■ **What the task asks**
Before copying, find the line below that contains "this 1200×800 image."; then return it and all later lines exactly, up to and including the final line, with no pictures.

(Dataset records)
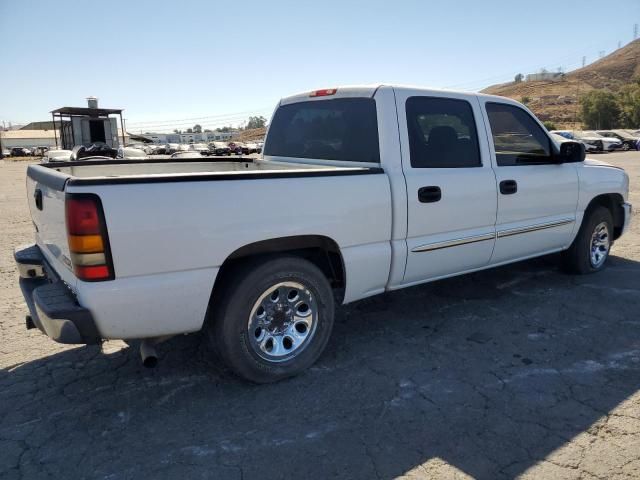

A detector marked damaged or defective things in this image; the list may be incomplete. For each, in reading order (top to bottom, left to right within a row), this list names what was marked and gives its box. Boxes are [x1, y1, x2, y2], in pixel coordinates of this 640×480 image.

cracked asphalt [0, 154, 636, 480]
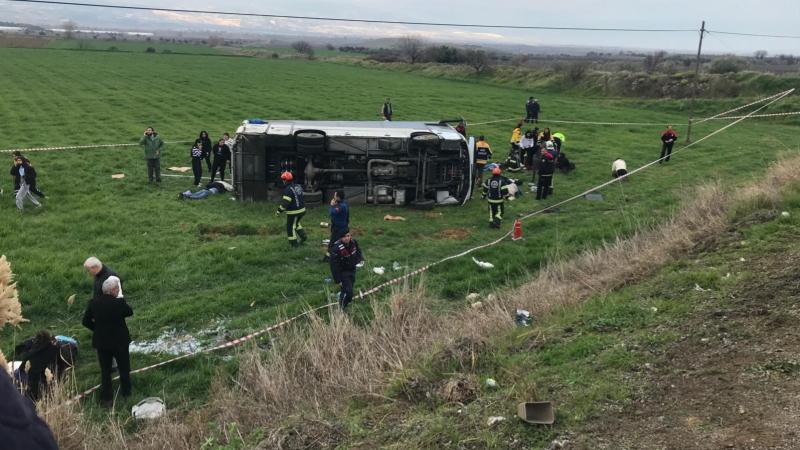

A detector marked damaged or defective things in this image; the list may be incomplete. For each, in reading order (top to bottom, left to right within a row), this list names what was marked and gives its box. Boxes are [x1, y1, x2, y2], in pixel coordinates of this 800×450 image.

overturned bus [230, 121, 476, 207]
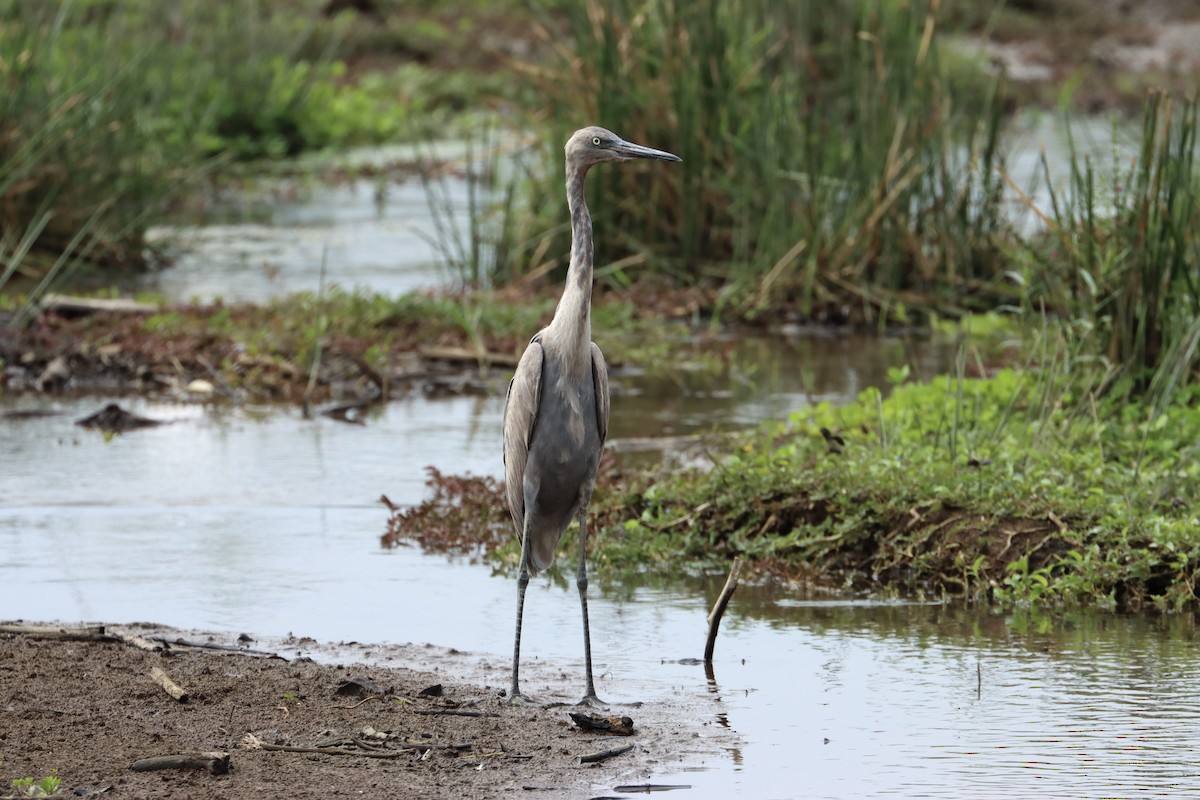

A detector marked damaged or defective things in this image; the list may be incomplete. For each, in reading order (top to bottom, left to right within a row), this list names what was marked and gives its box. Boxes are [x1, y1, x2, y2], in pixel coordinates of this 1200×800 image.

broken stick [700, 556, 739, 662]
broken stick [151, 671, 188, 700]
broken stick [133, 753, 231, 772]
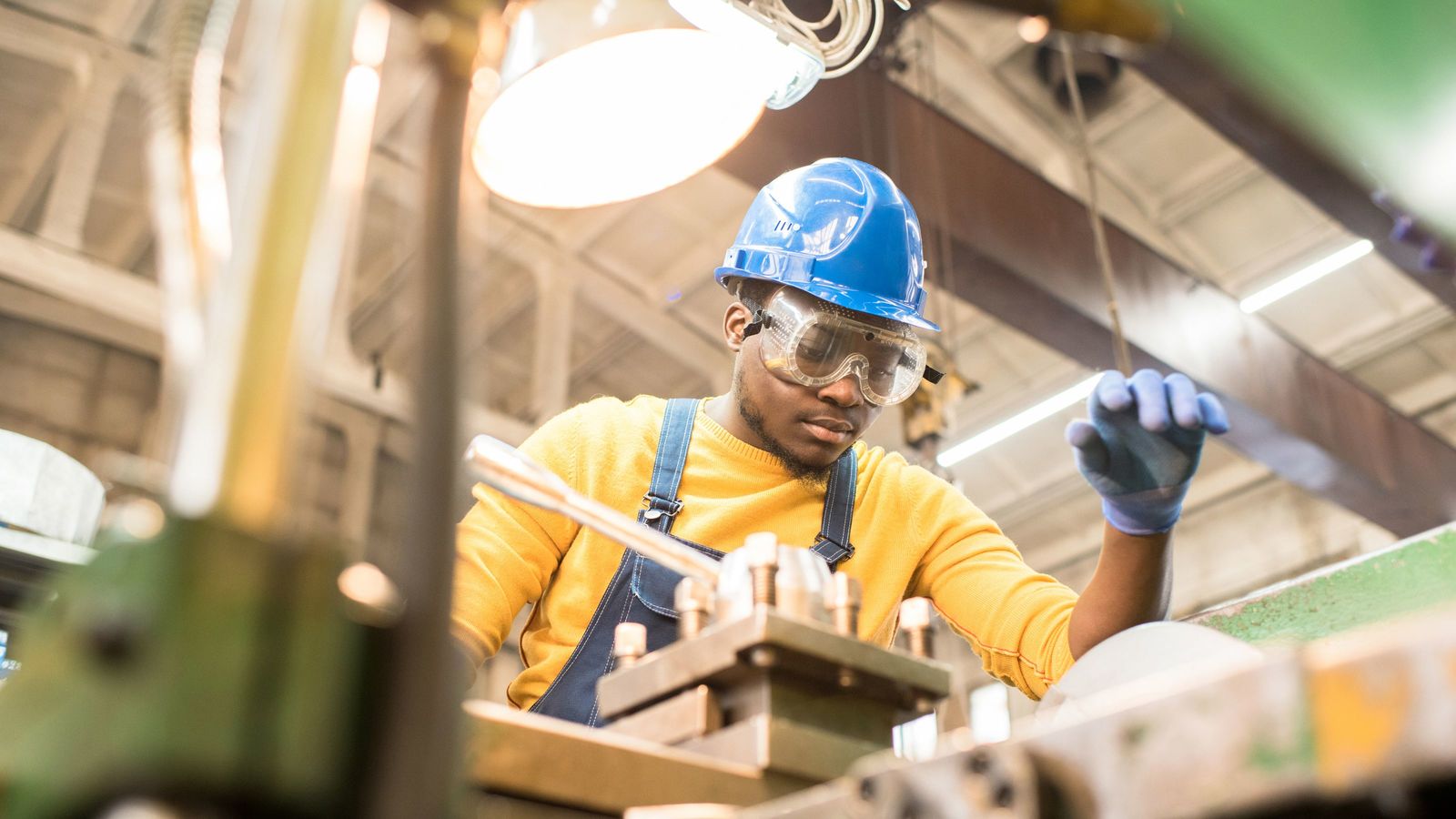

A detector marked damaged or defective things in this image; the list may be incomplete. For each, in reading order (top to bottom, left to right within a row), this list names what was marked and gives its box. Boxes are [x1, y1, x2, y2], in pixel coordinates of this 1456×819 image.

rusty metal surface [719, 71, 1456, 536]
rusty metal surface [597, 602, 949, 716]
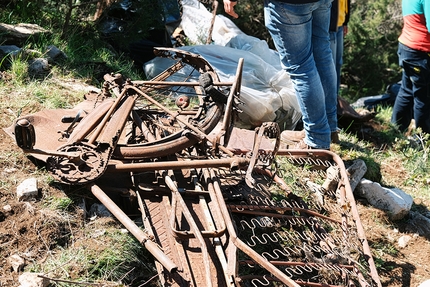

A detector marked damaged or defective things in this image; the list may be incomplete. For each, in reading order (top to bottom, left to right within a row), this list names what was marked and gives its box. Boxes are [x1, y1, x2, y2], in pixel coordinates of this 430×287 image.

■ **Result for this exercise**
A detector marked damaged or defective things in this image; the list may be incomplete. For each, in reading order (top to bottom, left to right within a row), this list names what was marked and gives its box. Boxes are [x1, y1, x2, y2], in pixel coordinates of this 1200×800 image.

broken stick [700, 556, 739, 662]
broken stick [151, 671, 188, 700]
broken stick [133, 753, 231, 772]

A detector marked damaged or defective things in this image; the list may be incomplete. For each, in reading order (top to bottom, left to right within a row), this list names what was marked and gives its box. Boxes are [x1, y1, x2, y2], in pixel coordinates of this 1456×819 image.

rusty metal surface [719, 71, 1456, 536]
rusty metal surface [597, 602, 949, 716]

A detector marked damaged or defective things in this image; the list may be incomplete. For each, in reading order (top to bottom, left to right within a row), this list names what was marked and gives its box. Boxes are [x1, y1, x2, y2], in pixel coordinates of this 430×287 image.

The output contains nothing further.